J'ai les cheveux trop longs... comme des voiles de thonier, mes beaux cheveux qu'on m'a toujours taillés, mes beaux cheveux longs dans ma tête.
Dans la rue, on se retourne...
Moi, je leur tire la langue!

O belles pattes des fourrures
Chapeau du vent de ces madames
Inquiétude de la parure
Toiles de soie vers vous je rame

Je sais des paradis tranquilles où les anges n'ont pas de vin à boire mais des orages de raison.
Des violettes de reverdie.
Je sais des paradis tragiques où les fauteuils d'orchestre n'ont pas de mémoire
Où les roses ne fleurissent que par osmose, et encore...
Où les passions sont d'un autre ordre et les mirages d'une autre qualité et de la nuit pourtant venus...
Je sais des paradis-bordels où l'on me fait signe
Où l'on se signe
Où l'on me désigne pour la bonté des mains tendues et des bouches capitales
Comme au petit matin... Tchac!
Je sais des paradis naturels où le mauve tient lieu de drogue
Où l'on peut passer du mauve à la frontière
Je sais des paradis câlins avec la barbe de deux jours et des saints
Sans foi ni loi
Sans feu ni eau
Avec simplement une ceinture d'émigrant

J'émigrerai quelque jour vers vos pays cachés
Et ne reviendrai plus

Regardez-moi
Passants de rien, poules de luxe, fleurs incroyables
Regardez-moi
Je suis un migratoire, un migratoire
Je suis un vieux corbeau qui court après une charogne comme un chien de course après le leurre
Je suis un vieux corbeau de la plaine où je vais m'englânant des trucs dégueulasses, de vieilles graines d'homme qu'on a trop employées
Je suis un vieux corbeau qui court après une corbeaute
Je croasse comme on peut croasser quand on est un vieil oiseau de cinquante-sept piges

Je tiens que le désespoir des ordures est une incompétence biologique à pouvoir en sortir un jour ou l'autre, coûte que coûte
Quand la merde déborde, c'est encore de la merde
À ce moment-là, je connaissais une chanteuse... Vous la reconnaîtriez aussi, c'est facile.
Une chanteuse qui a le derrière sur la figure, ça vaut la carte d'identité, non?
Et puis, Madame Lechose, taulière blonde, un peu grasse, un peu... Taulière
à L'Escalier de Moïse, où il y avait de tout, du Fernand, du Ferré qui chantait au piano, avec son chien et ses grimaces, et son petit cachet...
- Dis donc, Léo, ça ne te gêne pas de gagner de l'argent avec tes idées?
- Non. Ça ne me gênait pas non plus de n'en pas gagner avec mes idées, toujours les mêmes. Il y a quelques temps.
Vois-tu, la différence qu'il y a entre moi et Monsieur Ford ou Monsieur
Fiat, c'est que Ford ou Fiat envoient des ouvriers dans des usines et qu'ils font de l'argent avec eux.
Moi, j'envoie mes idées dans la rue et je fais de l'argent avec elles. Ça te gêne? Moi, non! Et voilà!

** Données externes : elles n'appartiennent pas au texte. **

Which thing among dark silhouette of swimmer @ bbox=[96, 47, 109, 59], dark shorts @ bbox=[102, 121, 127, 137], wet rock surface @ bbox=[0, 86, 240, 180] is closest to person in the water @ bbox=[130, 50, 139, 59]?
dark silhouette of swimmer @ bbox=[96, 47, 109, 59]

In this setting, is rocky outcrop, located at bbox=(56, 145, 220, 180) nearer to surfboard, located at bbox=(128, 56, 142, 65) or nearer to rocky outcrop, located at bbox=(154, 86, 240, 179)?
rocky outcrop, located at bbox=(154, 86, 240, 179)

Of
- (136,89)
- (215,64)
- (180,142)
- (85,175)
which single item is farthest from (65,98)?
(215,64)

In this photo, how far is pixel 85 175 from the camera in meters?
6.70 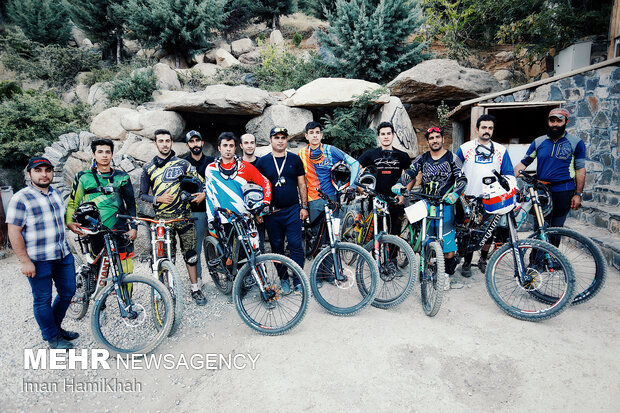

Madame Lechose, un peu blonde, un peu... Je la regardais, des fois, en chantant, juste en face de moi, qui n'en perdait pas une, de ses fiches, et le whisky tant, et le gin-fizz tant, et le citron pressé tant... Et mon citron pressé?
La Mère Lechose, un peu blonde, un peu grasse, toujours à l'heure, comme les vrais artistes, ceux qui travaillent, et comme ceux qui font travailler les artistes. Je faisais la salle.
Jamais les clients. Arkel, mon chien, venait me chercher après le Flamenco de Paris.
C'est tout ce que j'ai eu de vraiment espagnol à ce moment-là. Ce devait être un chien exilé.
Je rentrais chaque nuit dans le désert Paris, dans cette brume des garages où reste un peu, le soir, après que les voitures soient passées, de cette odeur des temps modernes qui vous remonte du fond de votre carter, portant
le deuil des foins brûlés. Je rentrais chaque nuit dans le désert Paris.
Les putains ne m'accrochaient jamais. Elles savaient que j'étais un homme public, Elles, les filles publiques...
- Alors, comme ça, on se prostitue, Ferré!
Je rentrais chaque nuit dans cette maison douce où gouttait l'eau du robinet, dans cette cuisine un peu salle de bains, avec sa cuvette...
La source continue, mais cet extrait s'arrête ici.